Don’t offer poker!!!

Really. It’s that simple.

Most sports books offer poker to their customers as a way to keep players from discovering other poker sites. They understand the tendency for there to be cross-over players from sports betting to poker and they’ve attempted to keep their sports book players from wandering off to other sites for their poker playing.

That’s all fine and dandy but there’s an attitude in the industry that the sports book owns that customer or at least that customer’s betting action, which is an incorrect assumption. It’s sort of like your local cable company selling you bundled internet, cable television, and phone and then getting upset when you start canceling your premium cable channels because you’re spending too much time on the internet to watch as much television as you used to.

Rather than improving their cable channel lineup or providing you extra value, now the cable company wants to restrict your use of the internet in the hopes that you’ll spend more time watching television and move back up to your old package. They call their new internet offering, Enhanced Internet, and claim they are removing the internet’s clutter out of your way. Of course, Enhanced Internet involves blocking YouTube, Facebook, and downloading of movies and music.

That’s basically what’s happening right now with sports book customers. They’re being sold a bundle of gambling products but the sports book wants to control how and where the players lose their money and direct them to the products where they have the highest profit margin. This is an understandable business strategy but it’s not exactly honest when they say the changes are for the benefit of the player.

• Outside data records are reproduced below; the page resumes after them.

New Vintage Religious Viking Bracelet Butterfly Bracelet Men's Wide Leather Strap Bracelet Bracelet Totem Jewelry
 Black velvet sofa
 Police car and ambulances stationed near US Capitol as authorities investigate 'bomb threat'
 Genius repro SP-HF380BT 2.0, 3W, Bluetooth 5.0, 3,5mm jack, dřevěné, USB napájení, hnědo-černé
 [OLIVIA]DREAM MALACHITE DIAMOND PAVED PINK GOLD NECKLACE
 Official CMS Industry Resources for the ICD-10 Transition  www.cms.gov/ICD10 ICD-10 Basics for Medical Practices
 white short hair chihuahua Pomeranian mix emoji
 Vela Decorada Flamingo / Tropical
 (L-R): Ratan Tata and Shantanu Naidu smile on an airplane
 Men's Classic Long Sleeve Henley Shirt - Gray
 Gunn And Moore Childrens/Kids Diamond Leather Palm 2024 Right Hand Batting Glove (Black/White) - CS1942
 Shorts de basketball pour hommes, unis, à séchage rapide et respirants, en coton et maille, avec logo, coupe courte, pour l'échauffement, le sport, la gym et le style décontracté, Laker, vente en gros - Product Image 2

If the situation were reversed and the sports book’s customers were the sharks gobbling up the fish and then turning around and donking off their poker winnings in the sports book, there isn’t a single sports book that would be complaining about how unfair the game is. Not one.

I mean, you never hear sports books and/or online casinos lowering their sports or casino edges to help keep their customers gambling longer, do you? Do they handicap sports bets to make them more fair for customers who are bad at sports betting? Are there any casinos that will lower the house edge in their games in order to keep players gambling?

The problem with poker and sports books and casinos is that they’re two entirely different types of business. Yes, they’re all considered gambling, but games you play against the house and games like poker where you wager against other players are like night and day when it comes to how the room makes money.

Unfortunately, sports book operators think like sports book operators and casino operators think like casino operators. Neither thinks like a poker room operator.

That’s why I proposed that sports books and casinos should just get out of the poker room business unless they’re going to run their poker room like a poker room.

You can’t run a poker room with the same mentality that you run your sports book. It doesn’t work. Eventually the entire poker ecosystem will collapse under the weight of the sports book’s heavy handed attempts to make poker players act in a manner more agreeable to the sports book.

A lot of this tinkering the sports books want to do is based off the entirely false assumption that they are entitled to the player’s action. By that I mean that if ABC Sports Book sends a player to ABC’s skin on XYZ Poker Network, ABC falsely assumes they own the poker action. They view every dollar lost at the poker tables as a dollar lost from the sports book.

But if ABC didn’t offer poker there’s no guarantee that the money would have found its way to ABC. Let’s say that I have $200 to wager with every month. I put $100 on ABC and bet sports and I take the other $100 and put it on my favorite poker room and play poker.

Now ABC starts offering poker and my full $200 goes onto ABC. ABC is assuming that the $100 I spend on poker is money they are entitled to win from me in the sports book. They don’t understand that they gained whatever action they’re getting on my poker play as a bonus. That was money that was going elsewhere before.

But when you hear the sports books and even the poker networks talk about it, they speak in terms of owning the action. For instance, they say stuff like, “Our players are losing money to the sharks,” but the players don’t belong to the sports book. If the sports book didn’t offer poker the player would be playing on a different site losing that money. All they did was provide an incentive (convenience) for betting sports and playing poker under the same roof.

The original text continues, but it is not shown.